Learning from overseas

Learning from overseas

 

It has been four months since I came to Finland to visit some wonderful dairy farmers and to talk at one of Anu Ellä and Jarkko Storberg’s discussion groups at Tarvasjoki in Western Finland.

 I met Anu and Jarkko when they came to England three years ago to see what our grassland farmers were doing. They were impressed by the density of UK swards, and the grass yield figures of 10t DM/ha or more.

They decided that winter-hardy varieties of perennial ryegrass and white clover might help raise the quantity and quality of the silage leys, mainly filling in the gaps between the timothy and fescue plants. They worked with a large seed house to devise, source and trial new mixtures that might work in conditions across Finland.

They invited me to see some of their farmer clients who have reseeded their silage leys with these new mixtures – the most popular one contains 55% timothy and 15% each of tall fescue, meadow fescue and perennial ryegrass, with 4-5kg/ha of a red, white, alsike clover blend.

The results have been rapid and positive – with reports of silage yields doubling. Lead farmers are now achieving 10t DM/ha, and the best ones even more.

 

Grass farming in the UK

We have ideal grass growing conditions in the UK – with mild winters and a long growing season from March to November. New reseeds can yield up to 16t DM/ha.

Grass is our national crop with more than 50% of the agricultural land down to grass – mainly rough hill grazing and permanent pasture and just 5% reseeded. Grazing plays a bigger part in our beef, sheep and dairy industries than in Finland, and different types of grass are sown for grazing or silage.

Silage leys are sown for two to four years and include Italian and hybrid ryegrasses, westerwolds and festulolium, which have excellent stress tolerance.

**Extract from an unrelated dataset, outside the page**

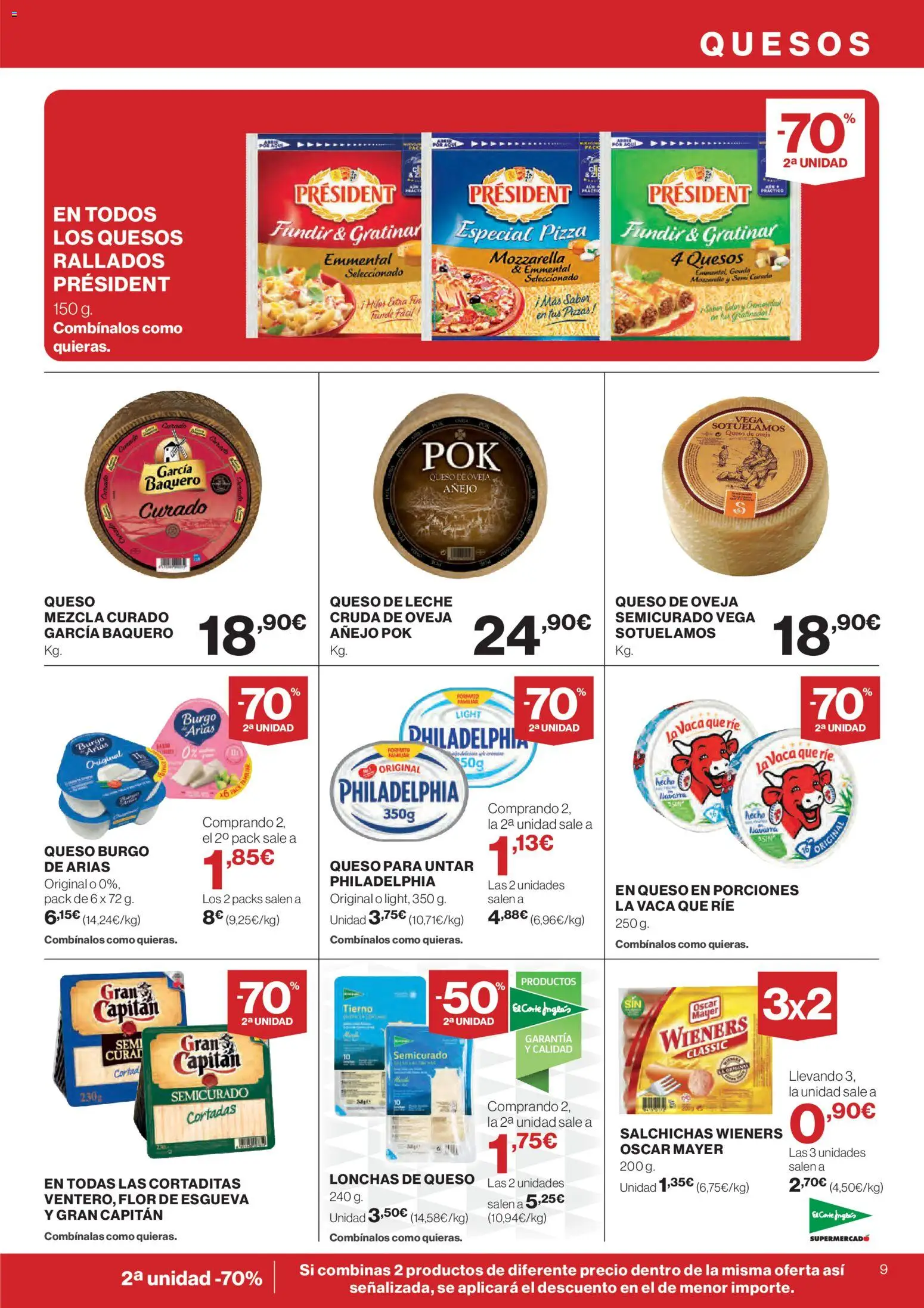 El Corte Inglés ofertas │ válido desde el 26.02.2026 | Página: 9 | Productos: Queso de oveja, Queso, Pizza, Queso para untar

Swards that are used mainly for grazing tend to have late heading perennial ryegrasses, timothy and grazing white clovers, and are expected to last five years or more.

 

Not all dairy farmers are the same

This table shows how the UK dairy industry is made up, showing that the low output farmers are making the most money and are better able to withstand the lowest milk prices.

They know their costs of production, because these are the biggest drivers of profit. They do not spend any money they do not have to, and work out budgets and refer to them constantly. They grow lots of high quality grass by rotational grazing and get this grass inside their cows. Most calve tightly in the spring, so that they can take advantage of the highest grass growth in April and May.

All of them will be measuring grass growth rates to make sure there is enough grass to feed the cows throughout the year of the highest quality, up to 12MJ of ME, for most of the time. Any fields that are getting ahead of themselves are cut for silage.

 

Discussion groups

The low-cost dairy movement is completely reliant on discussion groups for information exchange and farmer encouragement. They started in the UK 15 years ago, when a New Zealand dairy consultant was funded by the British Grassland Society to come and set a few of them up.

The best ones have a good, strong, knowledgeable facilitator, they visit each other’s farms, go on study tours within the UK and abroad, they talk about their figures and follow strict benchmarking protocols. Open and honest discussion is essential.

So what makes a successful grassland farmer?

 

Well do not be afraid to do something different to your neighbour or even your father! Believe in the power of grass to produce amazing meat and milk and a profitable business. Benchmark your performance against yourself and the best operators in the industry.

Measure, set targets and monitor grass growth continually. Surround yourself with positive people and finally, listen to good advisers – just like Anu and Jarkko!

 

Thank you to everyone I visited on my trip to Finland this year, it was an honour. And keep on growing the new mixtures and taking part in your discussion groups!